### Work to be completed
A word-for-word copy of the following listing is needed. Leave out its images.

### Data excerpt
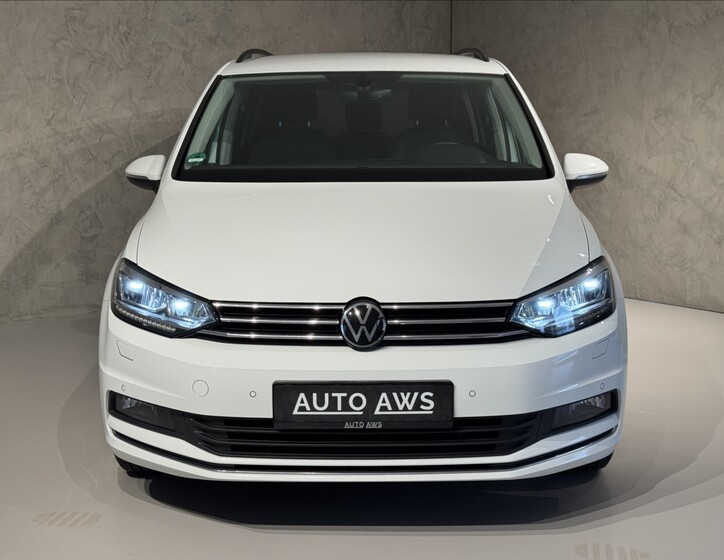 Volkswagen Touran 2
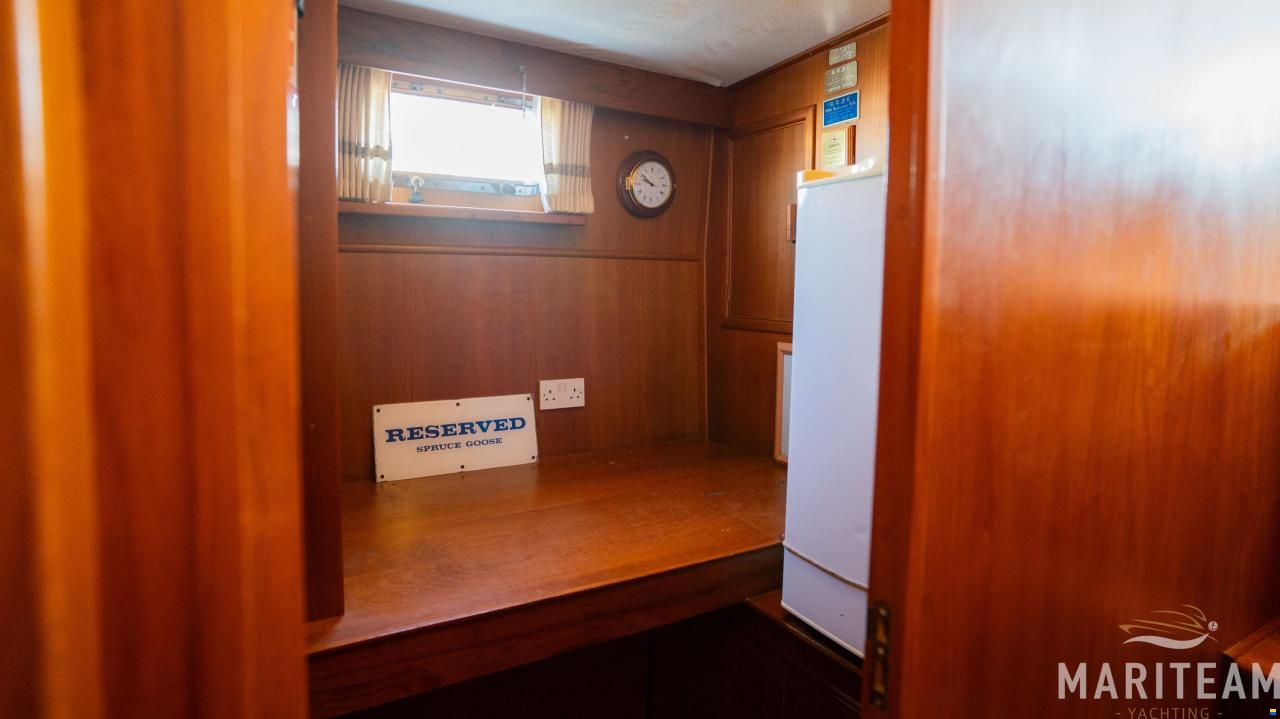 Grand Banks 49 motoryacht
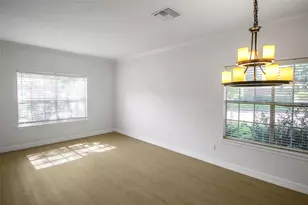 14819 Flowerwood Dr, Houston, TX 77062 - Photo 5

### Solution below
 Volkswagen Touran 2
 Grand Banks 49 motoryacht
 14819 Flowerwood Dr, Houston, TX 77062 - Photo 5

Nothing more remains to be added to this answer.